Give me a few weeks and I will make a more detailed test of the knife. First impressions are positive.

EDIT: if that 7" Muteki on KSF were not sold already, I would have bought it too. Great shape and size.


----------



## Mucho Bocho (Dec 6, 2014)

I've had mine for about two weeks now:

172 blade length
41mm heel hight
143g weight
Balance is right in front of the handle

This is my first Carter. I was expecting a great cutter with low fit and finish and that's exactly what I got.

The spine had such a sharp burr on it it almost cut my hand, certainly could have with enough pressure. The choil was also very rough. Not a big deal cause I've preformed this procedure on many other knives: Takeda, Moritaka, Tadfusa. Only took about an hours worth of hand work. with file and paper. I

'm usually a WA guy but as Matus pointed out, the handle has a nice hand feel.

The blade came good and sharp OOTB. Has a decent flat spot to the profile for small knife but rocks well too. 

I would describe this knife as being scrappy. Its hard to describe but as Matus said its a "cooks knife". Its small but not tiny but is profiled like a larger sized knife. It has some weight, isn't t crazy thin behind the edge, nor is it thick. It has perfectly ground faces, no waves, just a fluid consistent reflection of light. It's a knife you just grab and get into to work.

I prefer tall, very light and thin behind the edge knives. But this Carter is more like a mini-workhorse. The White core is very hard and as one would imagine and keeps a nice edge.

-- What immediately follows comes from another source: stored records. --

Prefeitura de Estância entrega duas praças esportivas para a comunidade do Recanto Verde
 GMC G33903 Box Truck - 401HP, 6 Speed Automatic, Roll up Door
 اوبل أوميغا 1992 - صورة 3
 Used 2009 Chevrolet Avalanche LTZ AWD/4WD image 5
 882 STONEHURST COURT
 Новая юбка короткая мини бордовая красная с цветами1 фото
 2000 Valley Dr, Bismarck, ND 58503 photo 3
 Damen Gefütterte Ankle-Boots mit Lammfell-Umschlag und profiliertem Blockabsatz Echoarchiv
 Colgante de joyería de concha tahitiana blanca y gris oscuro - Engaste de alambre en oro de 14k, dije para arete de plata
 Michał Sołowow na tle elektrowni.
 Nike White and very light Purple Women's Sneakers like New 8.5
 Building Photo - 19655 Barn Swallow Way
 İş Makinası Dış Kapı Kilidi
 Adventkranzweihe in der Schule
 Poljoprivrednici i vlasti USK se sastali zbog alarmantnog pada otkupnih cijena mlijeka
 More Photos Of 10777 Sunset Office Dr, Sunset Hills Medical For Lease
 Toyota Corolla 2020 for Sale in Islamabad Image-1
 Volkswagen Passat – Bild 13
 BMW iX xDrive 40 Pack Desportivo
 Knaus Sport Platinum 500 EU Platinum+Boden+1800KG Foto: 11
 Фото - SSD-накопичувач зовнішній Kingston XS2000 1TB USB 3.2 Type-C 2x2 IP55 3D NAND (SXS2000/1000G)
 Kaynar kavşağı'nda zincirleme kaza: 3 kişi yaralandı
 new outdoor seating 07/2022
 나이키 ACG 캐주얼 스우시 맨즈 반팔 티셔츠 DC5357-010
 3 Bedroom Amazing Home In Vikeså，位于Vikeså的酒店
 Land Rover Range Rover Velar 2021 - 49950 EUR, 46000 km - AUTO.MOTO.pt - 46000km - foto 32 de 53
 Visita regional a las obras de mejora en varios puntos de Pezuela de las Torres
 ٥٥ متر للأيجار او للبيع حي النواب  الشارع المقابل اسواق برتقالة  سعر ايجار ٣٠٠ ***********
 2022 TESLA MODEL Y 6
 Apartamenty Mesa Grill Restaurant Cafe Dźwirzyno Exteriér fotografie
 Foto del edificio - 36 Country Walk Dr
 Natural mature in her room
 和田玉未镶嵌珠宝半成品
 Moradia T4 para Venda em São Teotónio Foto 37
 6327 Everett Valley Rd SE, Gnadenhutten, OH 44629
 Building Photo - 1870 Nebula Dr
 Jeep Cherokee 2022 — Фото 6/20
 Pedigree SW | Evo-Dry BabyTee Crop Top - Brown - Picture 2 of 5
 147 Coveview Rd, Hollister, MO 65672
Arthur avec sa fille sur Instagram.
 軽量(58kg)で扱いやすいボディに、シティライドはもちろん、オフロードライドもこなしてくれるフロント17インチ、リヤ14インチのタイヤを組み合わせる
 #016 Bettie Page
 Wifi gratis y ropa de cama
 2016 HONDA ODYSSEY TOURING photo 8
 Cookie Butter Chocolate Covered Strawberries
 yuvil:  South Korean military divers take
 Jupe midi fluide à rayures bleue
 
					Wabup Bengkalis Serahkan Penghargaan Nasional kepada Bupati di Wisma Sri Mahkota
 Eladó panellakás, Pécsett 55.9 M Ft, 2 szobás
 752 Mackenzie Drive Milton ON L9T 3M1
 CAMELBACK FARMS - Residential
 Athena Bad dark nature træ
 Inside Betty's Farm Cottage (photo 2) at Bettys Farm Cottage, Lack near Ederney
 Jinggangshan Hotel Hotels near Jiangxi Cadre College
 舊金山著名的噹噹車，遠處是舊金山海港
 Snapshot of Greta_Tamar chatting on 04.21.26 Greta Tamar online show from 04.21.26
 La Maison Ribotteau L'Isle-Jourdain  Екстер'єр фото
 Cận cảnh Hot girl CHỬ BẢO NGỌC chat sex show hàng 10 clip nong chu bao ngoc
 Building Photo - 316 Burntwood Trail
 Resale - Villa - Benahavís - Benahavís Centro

I was holding out for a Gengetsu in a sub-210 length, but I'm really happy this Carter popped up. Its exactly what my kit was missing. 

A sub 210 heavy gyuto, with a tall heel, in sanmai Carter White/stainless. The core is starting to get a nice contrasting patina too. 

Me likey.


----------



## Mucho Bocho (Dec 6, 2014)




----------



## Pensacola Tiger (Dec 6, 2014)

Mucho Bocho said:


> I've had mine for about two weeks now:
> 
> 172 blade length
> 41mm heel hight
> ...



Nice catch!


----------



## mark76 (Dec 9, 2014)

In case someone is interested: Carter put up a new batch on his site. http://www.cartercutlery.com/muteki-kitchen/


----------



## Matus (Dec 10, 2014)

Just a heads up - I have been using my Muteki quite a bit recently and hope to have review before Christmas. So far the knife makes very good impression.


----------



## johnstoc (Dec 10, 2014)

These look tempting. I'm almost ashamed of the fact that I live ~10 minutes from both Carter's shop and Knives Ship Free storefront. Need to pay them a visit, though my wallet might take a serious hit... Thanks for sharing!


----------



## marcf (Dec 10, 2014)

Especially for the longer lengths, those look like a deal.


----------



## Matus (Dec 14, 2014)

A few photos of the Muteki I got:





Next to carbon clad funayuki from Carter:




BW conversion seems to show the difference in the surface finish better (and looks more artsy  ). Left: carbon clad funayuki, Right: stainless clad Muteki:




These two knives are staying with us :happymug:


----------



## XooMG (Dec 14, 2014)

Bloody hell...I was abstaining totally fine, but then one kinda resonated with me and I foolishly ordered it.


----------



## Lefty (Dec 14, 2014)

XooMG said:


> Bloody hell...I was abstaining totally fine, but then one kinda resonated with me and I foolishly ordered it.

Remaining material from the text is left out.